Reducing Cloud Spend Need Not Be a Paradox

Few people know cloud transformation from the perspective of Martin Casado. Recently, he and Sarah Wang published a chatter-provoking analysis titled, “The Cost of Cloud, a Trillion Dollar Paradox,” posted on the blog site for venture capital firm Andreessen Horowitz (a16z). The post challenges conventional thinking about the mania surrounding cloud transformation and cloud migration, and it calls us to think about the impact of cloud infrastructure cost (and the impact this, in turn, has on company valuation).
A recent blog from @a16z made the case that for SaaS companies, the cost of cloud is a drag on their market caps. What @martin_casado told me about the post and the debate that ensued: https://t.co/1mqSLUMSYT
— Belle Lin (@bellelin_) June 23, 2021

The paradox states that cloud is cheaper earlier in a company’s evolution, and it becomes more costly as the company scales. They state it simply: “You’re crazy if you don’t start in the cloud, then you’re crazy if you stay on it.” The paradox is that cloud infrastructure makes your business model possible at smaller scales, but it transforms into a source of value destruction at scale, apparent only after you’re deeply committed to the cloud. In aggregate, this equates to hundreds of billions of dollars of equity value evaporation.
Casado and Wang emphasize repatriation — bringing workloads back to private or hybrid infrastructure from cloud-only models — as the main strategy to optimize infrastructure cost. They tell the story of a billion-dollar private software company with a public cloud spend consuming 81% of the company’s cost of revenue (COR). Among the largest 50 publicly traded software companies, aggregate cloud bills top $8 billion (among those that reveal cloud spend).

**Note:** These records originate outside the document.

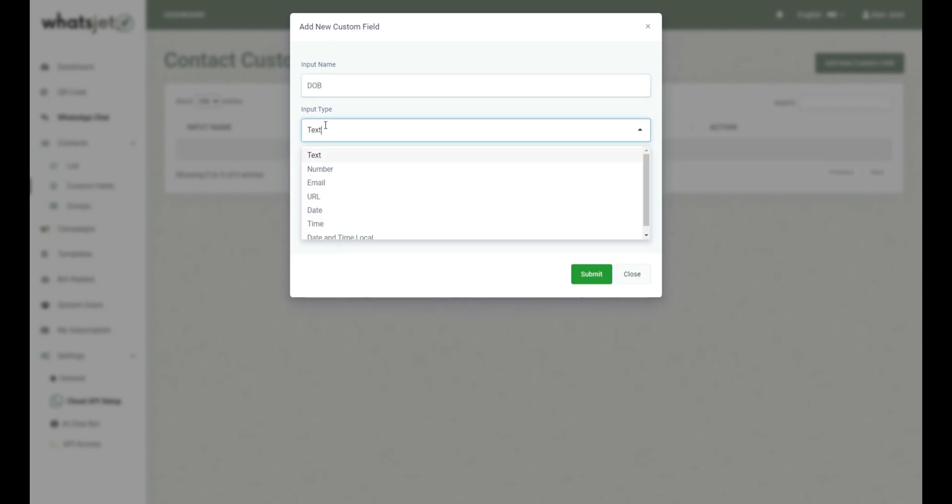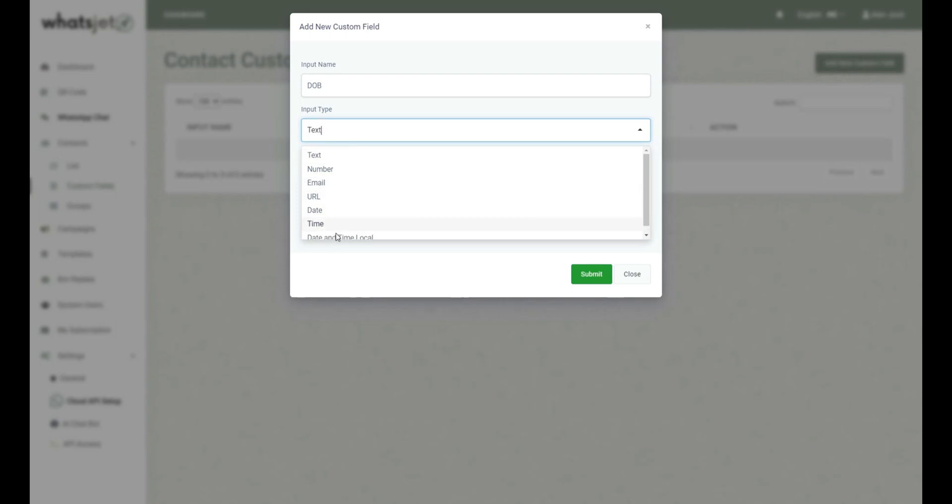Click on the drop-down menu and select the input type from the available options, such as text, number, email, URL, date, time, or date and time local.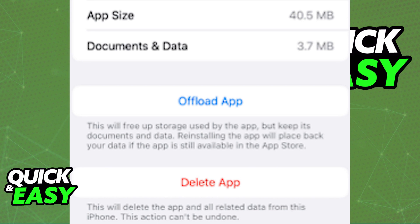This is the equivalent of clearing out the cache on your iPhone's apps, and all you have to do now is select Offload App.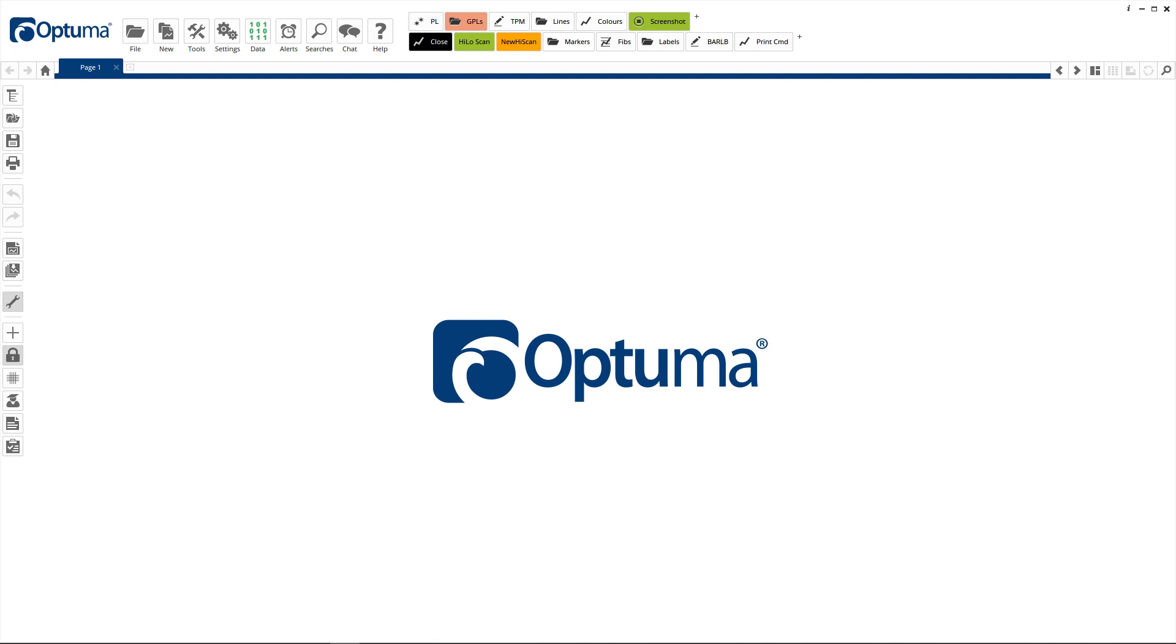Hi everyone. Backing up your work can be very important should anything happen to your computer. We do have automatic backup capabilities in Optima.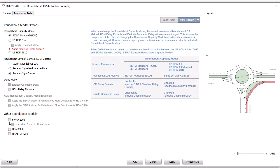If the selected Roundabout Capacity Model is US HCM 6, HCM 6 Extended, or HCM 2010,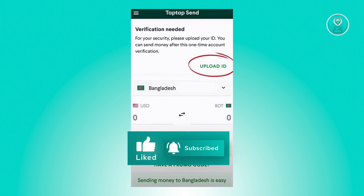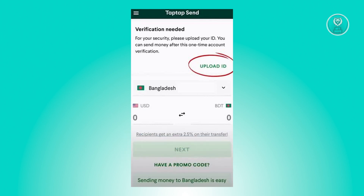Once you've chosen the type of ID that you want to use, go ahead and take a picture of it. In the next screen on the TapTapSend verification, just click on the camera icon to take a picture of your ID.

It’s curious that cloud repatriation is no more popular than it is. Repatriation can drive a big reduction in cloud spend, and an oft-cited figure is 50% savings. Adopting this for the purposes of making the point, repatriation would, in the example cited by Casado and Wang, result in savings of $4 billion in recovered profit. Consider the broad universe of at-scale software companies utilizing public cloud infrastructure, and you can quickly see that this $4 billion of unrealized profit could be far higher.
The a16z post offers a set of useful recommendations on how to overcome the trillion-dollar paradox, including making cloud spend a KPI, incentivizing engineers to optimize resource consumption, choosing a subset of your most resource-intensive workloads as a place to start, and thinking about repatriation upfront before inertia and lock-in strip away your options for repatriation.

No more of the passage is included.